The image shows the assembly of the tens disc. Two tiny cloverleaf screws secure it to the tens wheel; they are tightened with a special screwdriver. Covered, but visible in the image, the goldplated tens intermediate wheel 3 is decorated with circular graining.
The precise adjustment of the beat is performed with an eccentric and a whiplash spring. To assure the accuracy and stable rate of the watch, it is important for the semi-oscillations of the balance to be symmetric. This is achieved with the precision beat adjustment system.
A screwdriver is used to move the eccentric on the hand-engraved bridge clockwise or anticlockwise, thus changing the position of the index pointer. The whiplash spring on the opposite side keeps the pointer in the correct position.
Assembly of the rotor
The rotor of the ODYSSEUS rotates in both directions and is winding unidirectional. In its bearing, seven ceramic balls minimise friction. The outer centrifugal mass of the rotor is made of platinum and secured with five blued steel screws. The material of the central segment is black-rhodiumed Arcap. Arcap is an ideal material for a rotor because it is flexible and stable even if it is thin. This part is black-rhodiumed for aesthetic reasons. Moreover, it is chamfered, circumferentially brushed, and decorated with circular graining.
As far as the movement is concerned, the assembly of the rotor is the last step for the watchmaker. It requires great caution because the galvanised surface is extremely sensitive.
The twelve small raised elements at the edge of the plate over which the platinum segment rotates are called banking pins. In the event of a blow, they support the rotor to prevent it from touching the plate, which would damage the hand-applied perlage on its surface.
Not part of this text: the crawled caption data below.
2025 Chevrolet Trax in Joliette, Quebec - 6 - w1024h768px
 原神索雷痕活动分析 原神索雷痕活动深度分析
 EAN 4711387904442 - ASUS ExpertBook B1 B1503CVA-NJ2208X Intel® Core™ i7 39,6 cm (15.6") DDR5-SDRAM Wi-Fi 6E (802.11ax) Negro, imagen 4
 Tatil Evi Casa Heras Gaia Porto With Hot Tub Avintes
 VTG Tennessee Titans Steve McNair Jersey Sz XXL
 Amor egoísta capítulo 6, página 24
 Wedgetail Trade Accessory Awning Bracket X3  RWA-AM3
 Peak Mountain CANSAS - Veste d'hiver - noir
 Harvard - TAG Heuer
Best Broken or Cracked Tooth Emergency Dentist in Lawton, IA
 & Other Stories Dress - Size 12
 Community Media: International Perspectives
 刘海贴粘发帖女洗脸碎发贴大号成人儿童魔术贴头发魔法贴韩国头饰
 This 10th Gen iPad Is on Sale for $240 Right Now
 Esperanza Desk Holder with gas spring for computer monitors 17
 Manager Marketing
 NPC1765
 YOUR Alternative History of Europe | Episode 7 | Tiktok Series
Assembly of hands and dial, casing
The dial and the hands are fitted after the second assembly and comprehensive tests of the movement. Here, too, great caution is needed to prevent scratches. The polished hands are very sensitive, just like the brass dial with its four separately finished levels.
Then, the movement is integrated in the three-part stainless-steel case, after which the screwed caseback is secured. In the process, all seals are inspected and lubricated. Finally, the watch is tested for water resistance. The screw-down crown and the buttons are tested as well, including for ease of operation. And then, the stainless-steel bracelet is attached to the case.